Table of Contents

Lucas Wu

(1) Talking About Chinese Word Segmentation: Maximum Matching, Bidirectional Matching, Minimal Word Count

Chinese word segmentation refers to the process of dividing text into words, where the concatenated result equals the original text. Chinese word segmentation has always been a significant area in the NLP field. Most text mining tasks are based on it. However, Chinese differs from English, where words are separated by spaces, making English semantically less complex compared to Chinese.

There has always been a business demand for Chinese word segmentation. However, due to being busy with other projects, I had not studied it thoroughly before. Recently, I started exploring Chinese word segmentation algorithms. While the field is relatively mature, its performance for out-of-vocabulary words or specific domain texts is often unsatisfactory. To achieve better results, a combination of algorithms or the use of manual dictionaries is often necessary.

Chinese word segmentation can be divided into two main approaches:

  1. Dictionary-based segmentation: Examples include Forward Maximum Matching, Backward Maximum Matching, Bidirectional Maximum Matching, and Minimal Word Count.
  2. Character labeling segmentation: Examples include HMM (Hidden Markov Model).

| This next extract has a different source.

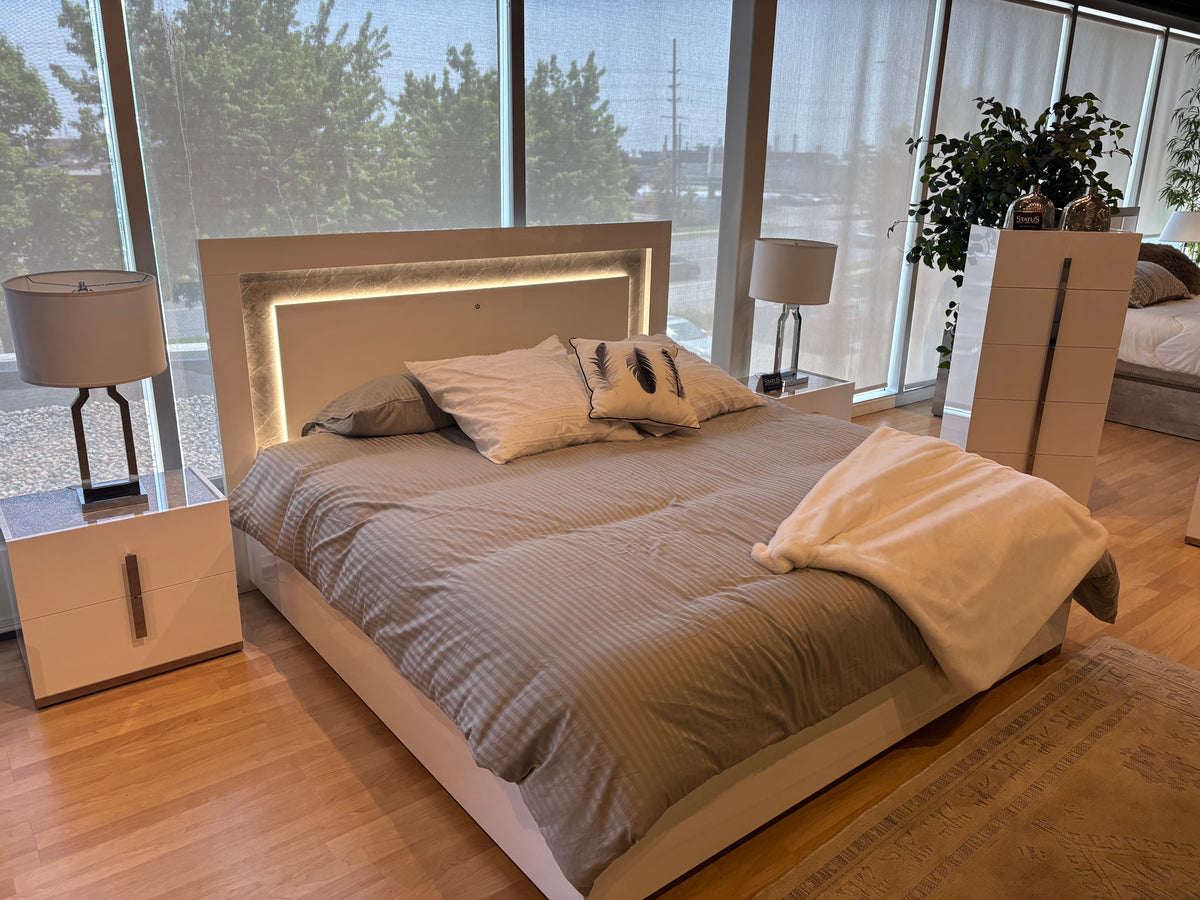 Model Mara Italian bedroom set LED-lit headboard detail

Each approach has its strengths and weaknesses. For example, dictionary-based segmentation is very fast but struggles to identify out-of-vocabulary words. In contrast, HMM and Pkuseg can handle some out-of-vocabulary words but at the cost of reduced speed. In real-world applications, this trade-off can be critical. The optimal solution often involves combining the strengths of various methods. For instance, Jieba segmentation uses dictionary-based methods for known words and switches to HMM models for unknown words.

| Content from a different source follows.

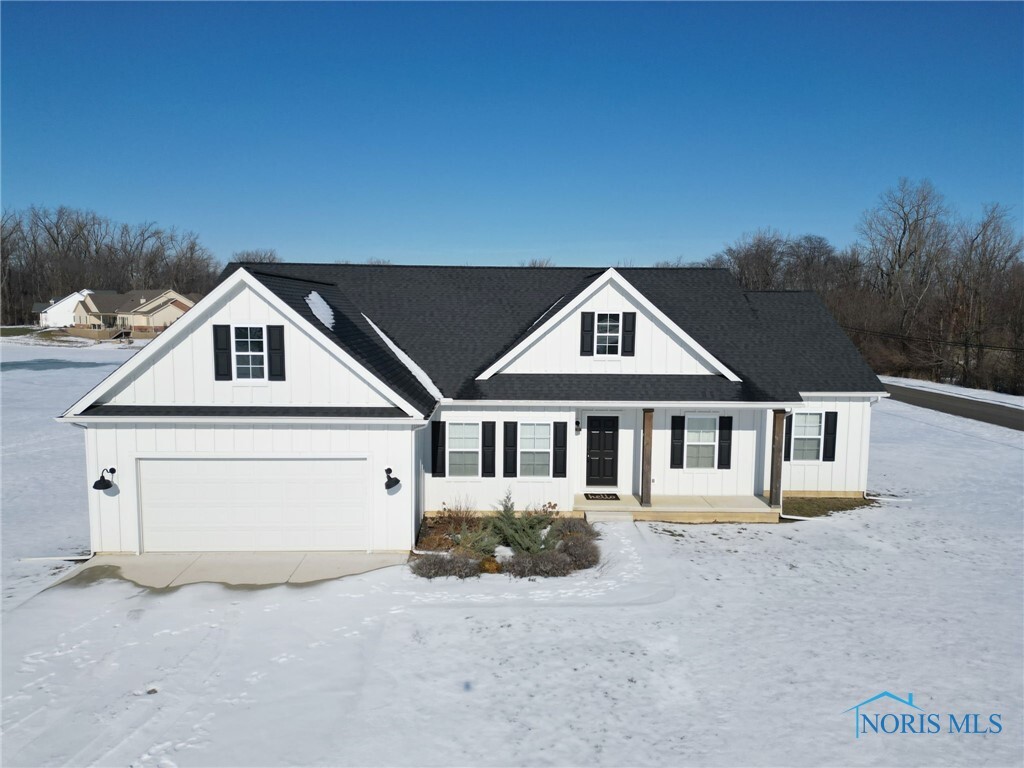 Property Photo: 898 Township Road 204 OH 45840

Dictionary-Based Segmentation

Dictionary-based segmentation algorithms involve querying a dictionary-like data structure. These algorithms have weak recognition capabilities for out-of-vocabulary words and struggle with understanding ambiguous phrases. For example, in the phrase “结婚的和尚未结婚的” (“married monks who are not yet married”), the ideal segmentation would be “结婚/的/和/尚未/结婚/的.” However, a dictionary-based method might segment it as “结婚/的/和尚/未/结婚/的.”

Nevertheless, dictionary-based segmentation is very fast, and there are mature and efficient solutions available. Many tools support efficient data structures and querying methods, such as Trie trees and Aho-Corasick automaton. For simplicity, we will explain a few basic algorithms.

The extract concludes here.